▸ **What to do**
The whole listing should be written out again exactly.

▸ **Materials provided**

===============

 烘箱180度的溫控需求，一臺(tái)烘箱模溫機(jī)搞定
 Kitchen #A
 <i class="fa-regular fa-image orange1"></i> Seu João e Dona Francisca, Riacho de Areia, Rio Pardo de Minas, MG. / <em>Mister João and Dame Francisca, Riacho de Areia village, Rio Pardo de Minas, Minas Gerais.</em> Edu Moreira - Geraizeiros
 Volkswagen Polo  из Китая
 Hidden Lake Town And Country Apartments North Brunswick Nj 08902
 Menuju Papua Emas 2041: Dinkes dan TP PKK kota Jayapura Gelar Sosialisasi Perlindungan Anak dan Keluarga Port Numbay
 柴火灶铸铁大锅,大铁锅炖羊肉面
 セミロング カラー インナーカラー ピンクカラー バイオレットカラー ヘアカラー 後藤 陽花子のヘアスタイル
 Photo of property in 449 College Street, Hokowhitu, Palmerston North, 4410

===============

▸ **Solution to the exercise**
 烘箱180度的溫控需求，一臺(tái)烘箱模溫機(jī)搞定
 Kitchen #A
 <i class="fa-regular fa-image orange1"></i> Seu João e Dona Francisca, Riacho de Areia, Rio Pardo de Minas, MG. / <em>Mister João and Dame Francisca, Riacho de Areia village, Rio Pardo de Minas, Minas Gerais.</em> Edu Moreira - Geraizeiros
 Volkswagen Polo  из Китая
 Hidden Lake Town And Country Apartments North Brunswick Nj 08902
 Menuju Papua Emas 2041: Dinkes dan TP PKK kota Jayapura Gelar Sosialisasi Perlindungan Anak dan Keluarga Port Numbay
 柴火灶铸铁大锅,大铁锅炖羊肉面
 セミロング カラー インナーカラー ピンクカラー バイオレットカラー ヘアカラー 後藤 陽花子のヘアスタイル
 Photo of property in 449 College Street, Hokowhitu, Palmerston North, 4410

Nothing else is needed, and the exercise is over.